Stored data
-- Opening Marker --
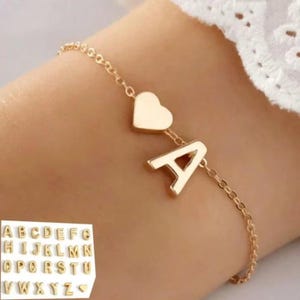 Puede incluir: Pulsera dorada con una delicada cadena, con un dije de corazón y la letra "A". La pulsera se muestra en una muñeca, con una pequeña exhibición de otros dijes de letras en la esquina inferior izquierda. Un accesorio elegante y personalizado.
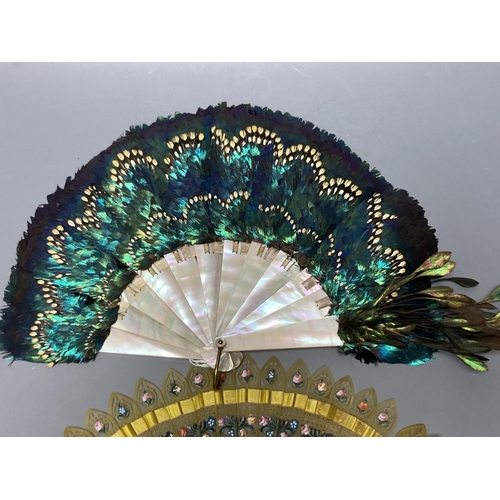 492 - An early 20th century peacock? feather and mother of pearl fan and an early 19th century French pain... 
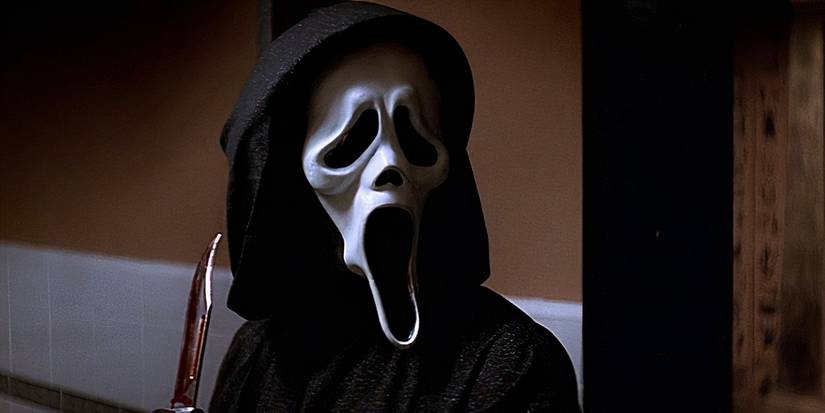 Ghostface standing in the school hallway in Scream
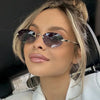 A woman wearing rimless oval gradient sunglasses indoors.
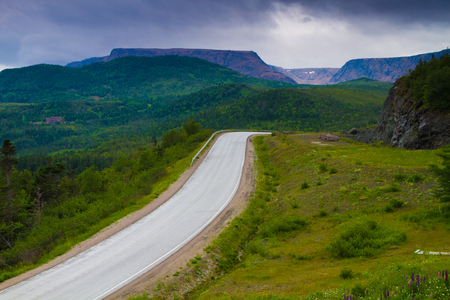 Beautiful road through mountain range in Newfoundland, Canadaの写真素材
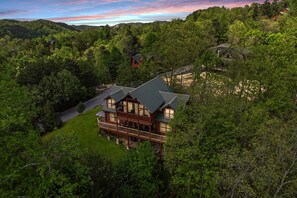 Eine große, mehrstöckige Blockhütte mit umlaufender Veranda, umgeben von dichtem Wald und Hügeln.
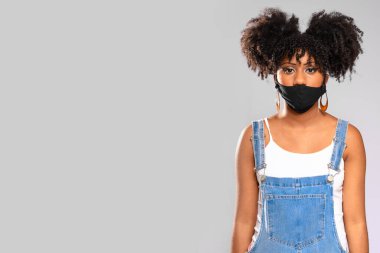 Brazilian teenager wearing face mask incorrectly clipart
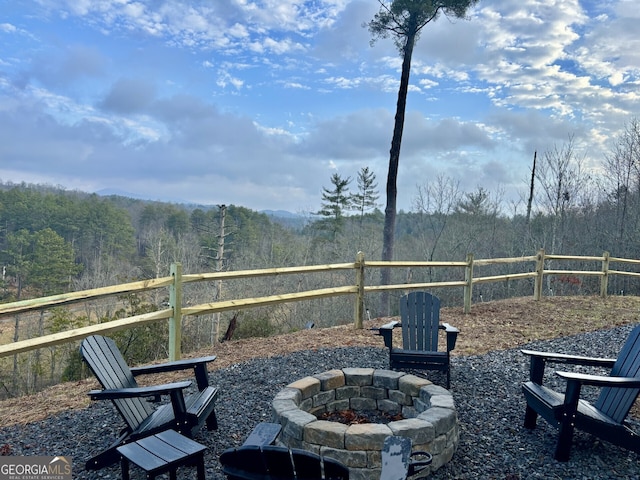 view of yard featuring a fire pit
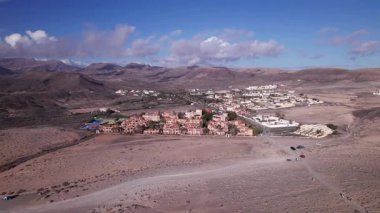 Fuerteventura 'daki La Pared' in fevkalade köyünü gösteren muhteşem hava görüntüleri. Görüntü, binaların canlı renklerini, kurak manzarayı ve hareketli tepeleri sergiliyor. Seyahat, gayrimenkul ve yaşam tarzı fotoğrafçılığı için mükemmel.. 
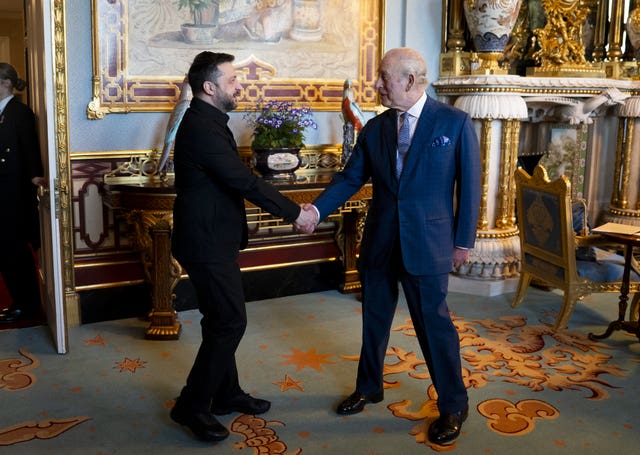 Charles shakes hands with the president 
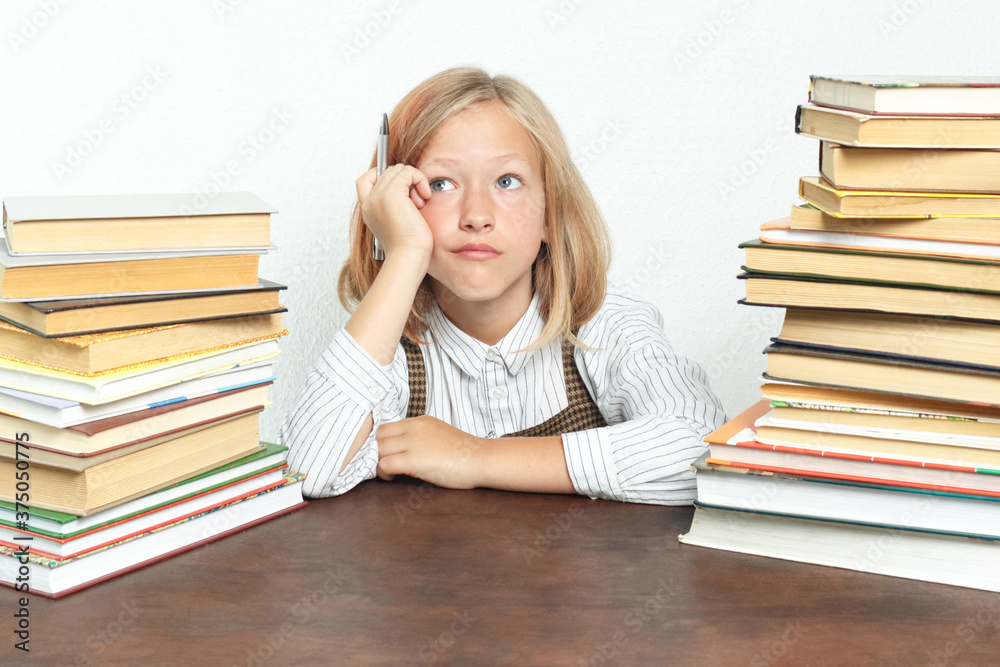 Portrait of a teenage girl, at a table among the books. Looks tiredly away. Portrait of a teenage girl, at a table among the books. Looks tiredly away.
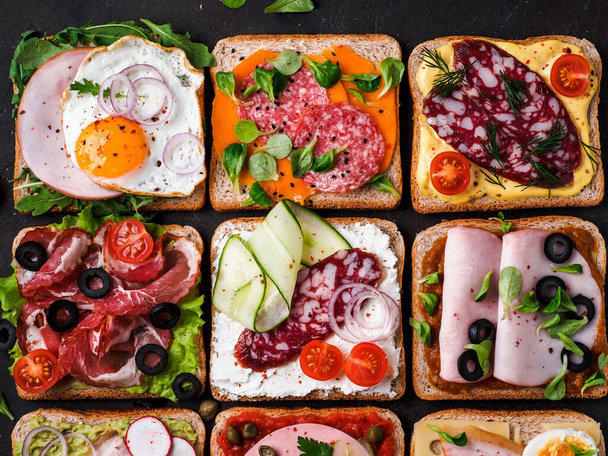Set of eight different sandwiches with meat in square shape. Top view or flat lay. Assortment meat toasts on black background. Idea, creative concept for sausage maker - Foto, afbeelding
-- Closing Marker --
• [WHAT YOU WILL DO]: Please print the lines above word for word, starting at the one with "492 - An early" and ending at the one with "view of yard featuring a fire pit", both included, and without any picture.

• [ANSWER TO THE PROBLEM]:
 492 - An early 20th century peacock? feather and mother of pearl fan and an early 19th century French pain... 
 Ghostface standing in the school hallway in Scream
 A woman wearing rimless oval gradient sunglasses indoors.
 Beautiful road through mountain range in Newfoundland, Canadaの写真素材
 Eine große, mehrstöckige Blockhütte mit umlaufender Veranda, umgeben von dichtem Wald und Hügeln.
 Brazilian teenager wearing face mask incorrectly clipart
 view of yard featuring a fire pit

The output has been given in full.